### What you will do
Omitting all pictures, retype the entries below exactly as given.

(Short descriptive text snippets)
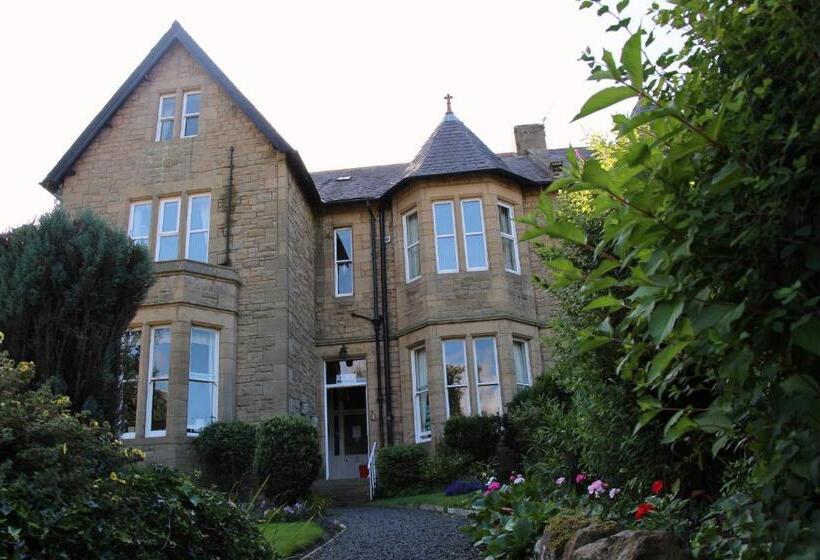 تختخواب و صبحانه Aydon House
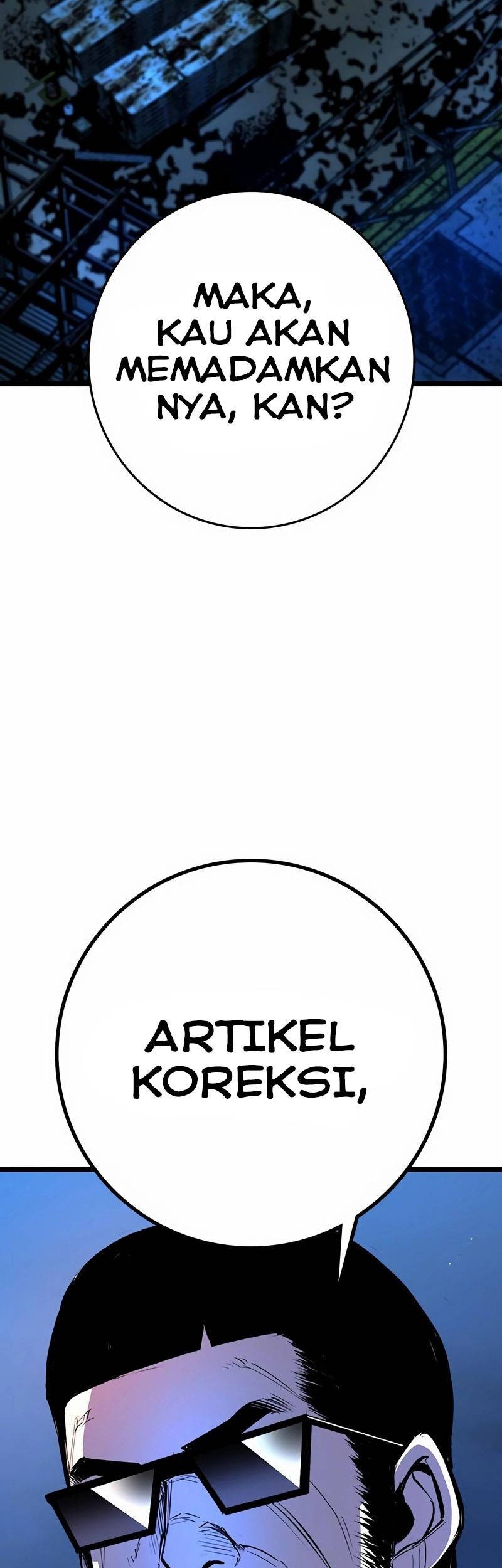 Hallym Gymnasium Chapter 128 Gambar 63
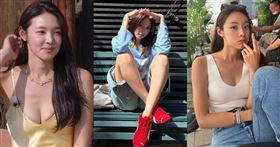 《單身即地獄5》海后崔美娜秀私服穿搭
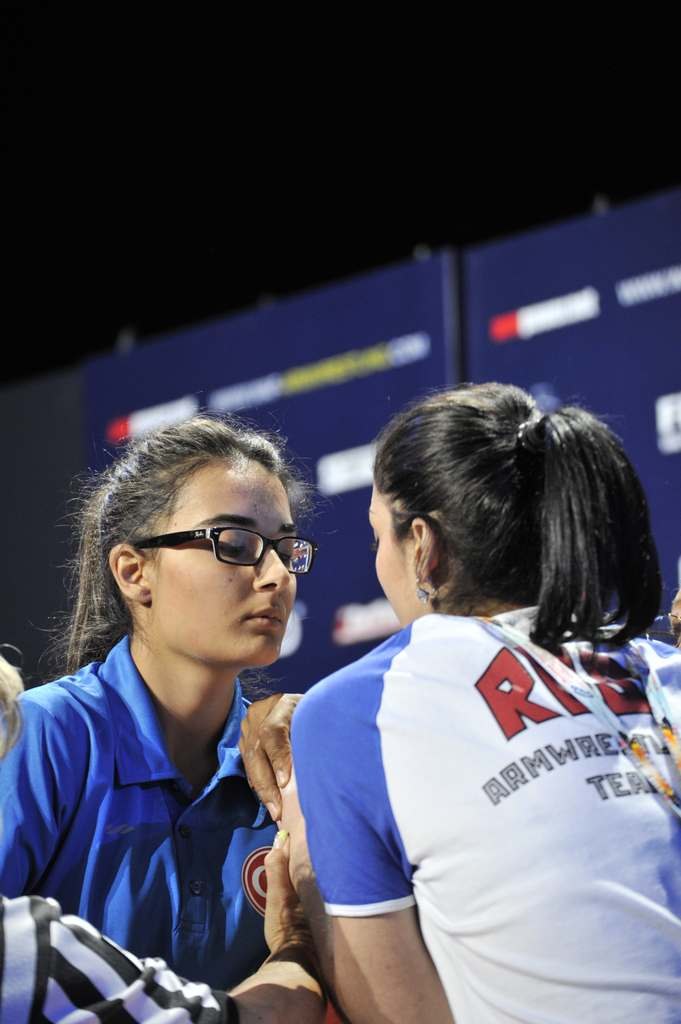World Armwrestling Championship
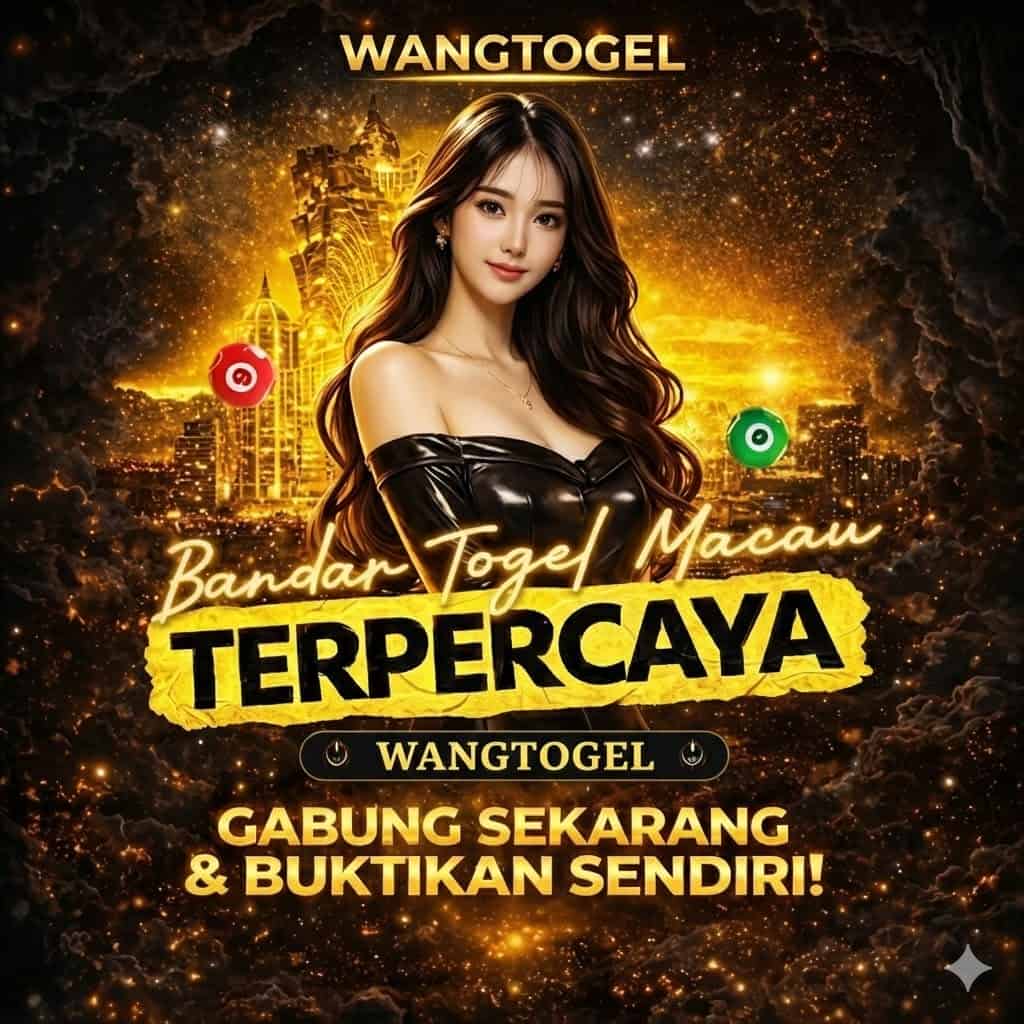 Wangtogel Agent Slot gacor viarian gampang menang di 2026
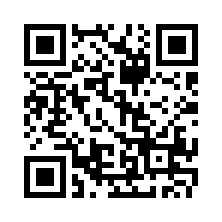 QR Code for bitcoin:17yqBymaGSVg3p8GoFu52YiuVzep6QNryU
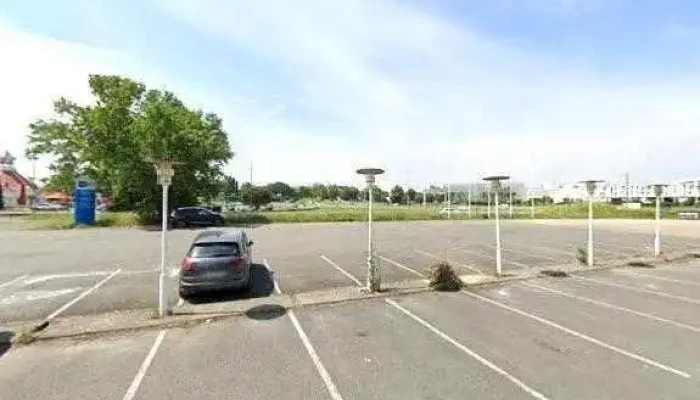 Bordeaux Lac Pointp Carrelage Street View Et 360deg - Bordeaux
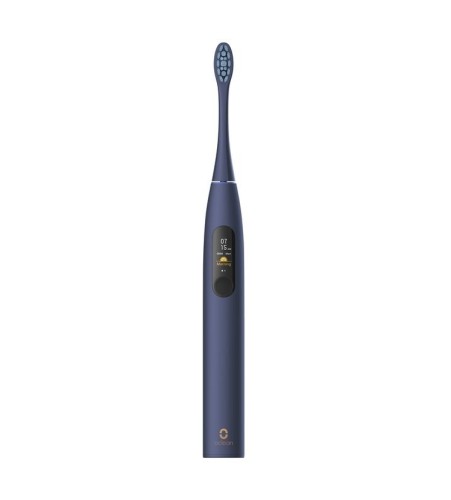 Szczoteczka soniczna Oclean X Pro Niebieska
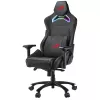 ASUS ROG Chariot X Universal-Gaming-Stuhl Gepolsterter Sitz Schwarz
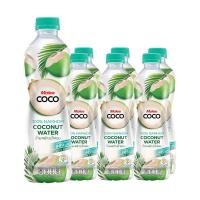 ราคา มาลี โคโค่ มะพร้าวน้ำหอม 100% 350 มล. X 6 (7275712708803)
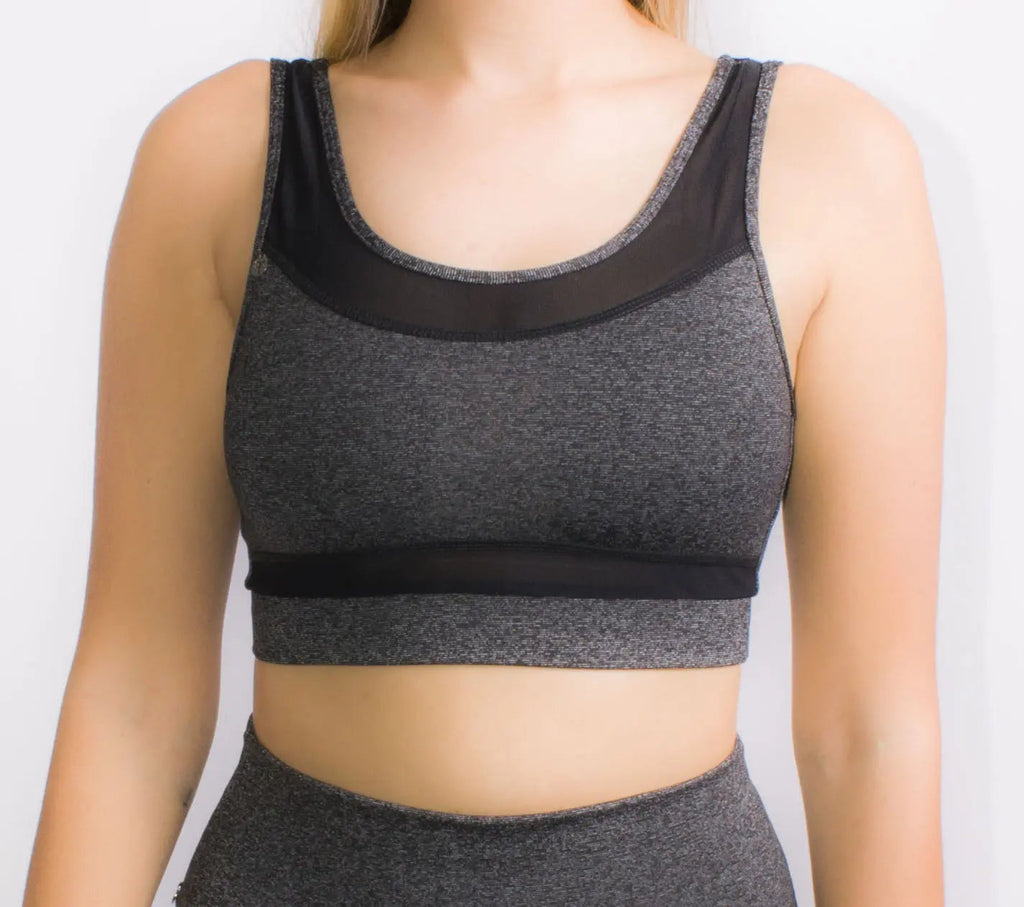 DARE SPORTS BRA TangoFit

### Task result
 تختخواب و صبحانه Aydon House
 Hallym Gymnasium Chapter 128 Gambar 63
 《單身即地獄5》海后崔美娜秀私服穿搭
World Armwrestling Championship
 Wangtogel Agent Slot gacor viarian gampang menang di 2026
 QR Code for bitcoin:17yqBymaGSVg3p8GoFu52YiuVzep6QNryU
 Bordeaux Lac Pointp Carrelage Street View Et 360deg - Bordeaux
 Szczoteczka soniczna Oclean X Pro Niebieska
 ASUS ROG Chariot X Universal-Gaming-Stuhl Gepolsterter Sitz Schwarz
 ราคา มาลี โคโค่ มะพร้าวน้ำหอม 100% 350 มล. X 6 (7275712708803)
 DARE SPORTS BRA TangoFit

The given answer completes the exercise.